Work instructions: Reproduce, character for character, the lines below from the first through the one with "Jüt Hasır Görünümlü". Leave pictures out.

[Scraped caption text data]
* * * * *
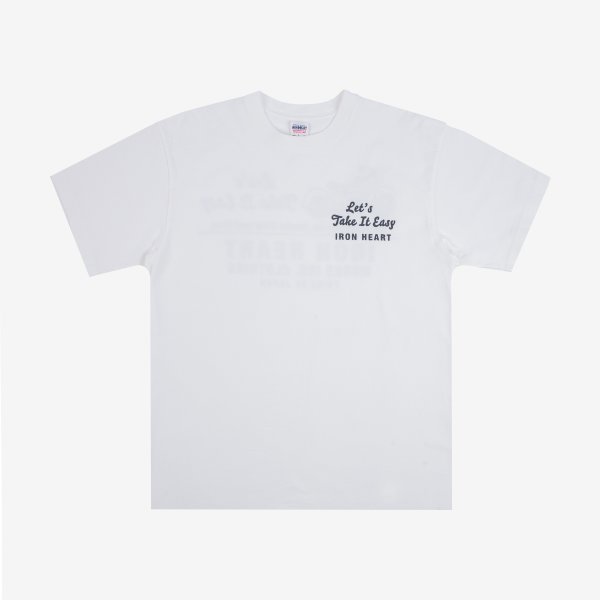 Iron Heart IHT-2404-WHT 7.5oz Printed Loopwheel Crew Neck T-Shirt - White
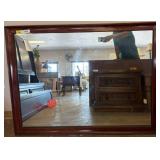 Wood-Framed Rectangular Wall Mirror
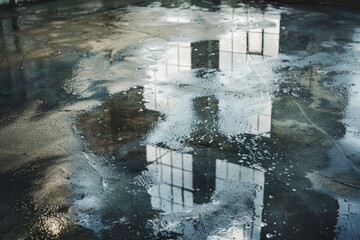 Canvas Print - Reflective puddle of water with distant building in background, Reflective puddles on the concrete floor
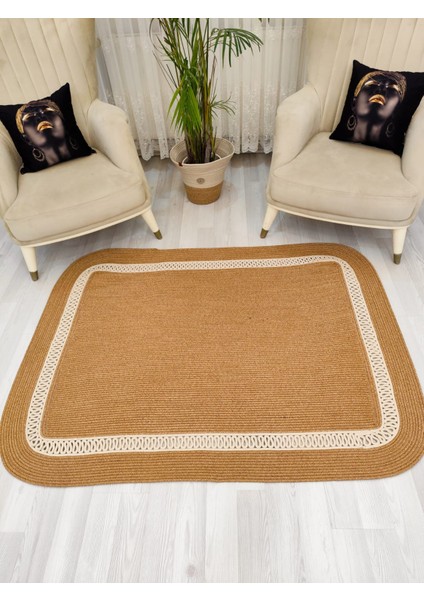 Jüt Hasır Görünümlü Desenli Modern El Örgüsü Dikdörtgen Halı Kilim fırsatları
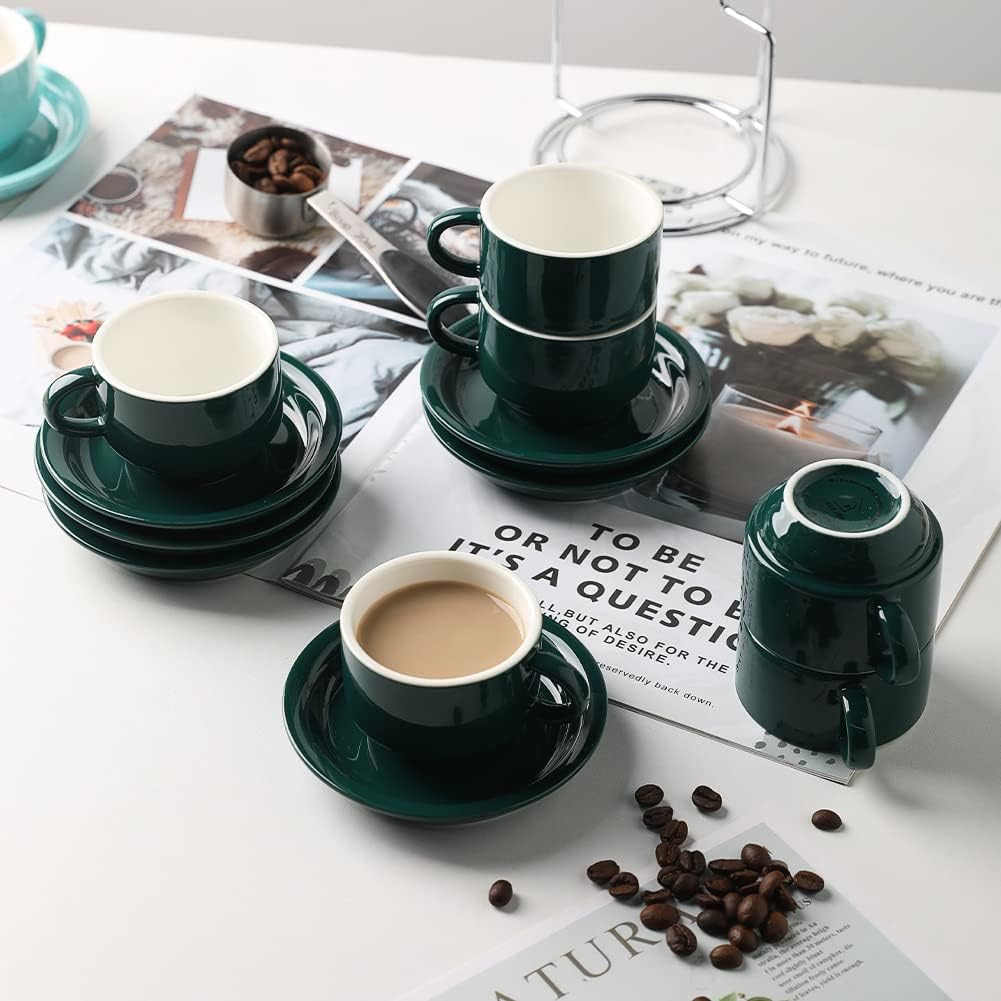 Sweejar Porcelain Espresso Cup & Saucer Set, Stackable Demitasse Cups with Metal Stand, 2.5 OZ for Latte,Coffee,Cafe Mocha,Tea, Set of 6 (Black)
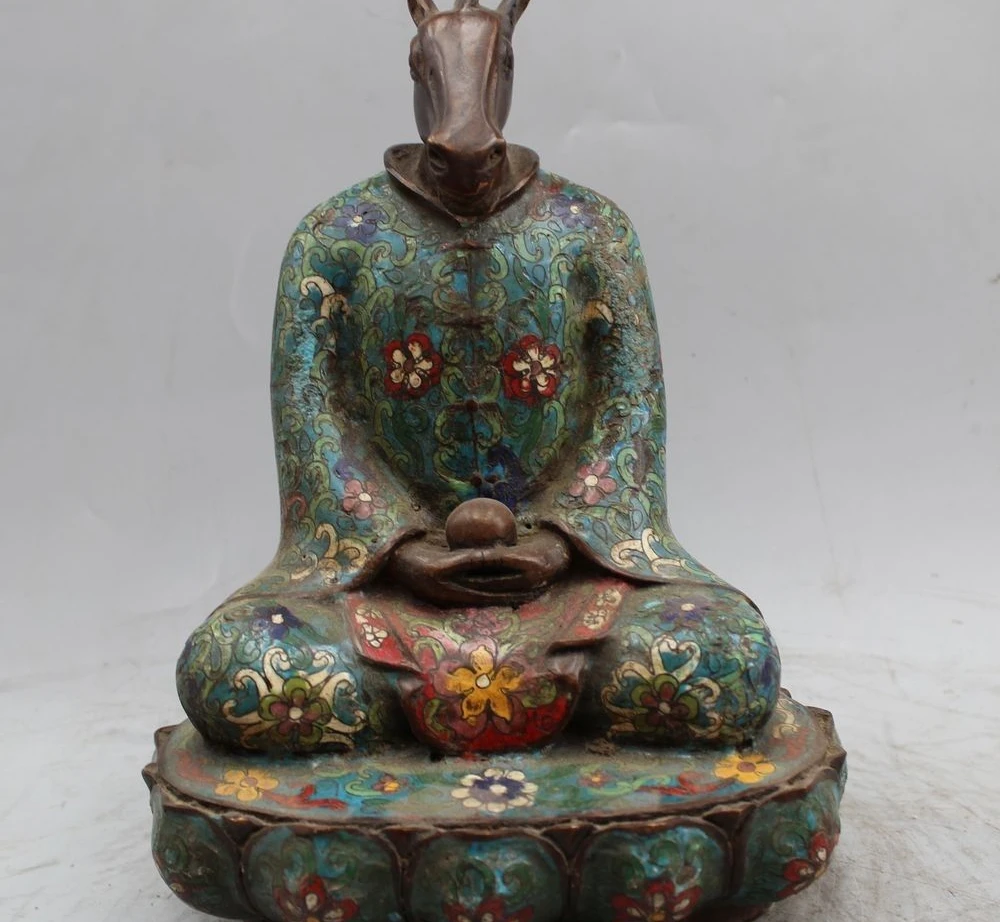 

11" Old China Chinese Folk Fengshui Bronze Cloisonne Zodiac Year Horse Statue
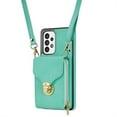 thumbnail image 6 of ELEHOLD Crossbody Wallet Case for Samsung Galaxy A53 5G,Premium Leather Case with Card Holders Zipper Pocket Metal Snap Stand Function Detachable Shoulder Strap Luxury Case for Women,Mint, 6 of 7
* * * * *
Response to the task:
 Iron Heart IHT-2404-WHT 7.5oz Printed Loopwheel Crew Neck T-Shirt - White
 Wood-Framed Rectangular Wall Mirror
 Canvas Print - Reflective puddle of water with distant building in background, Reflective puddles on the concrete floor
 Jüt Hasır Görünümlü Desenli Modern El Örgüsü Dikdörtgen Halı Kilim fırsatları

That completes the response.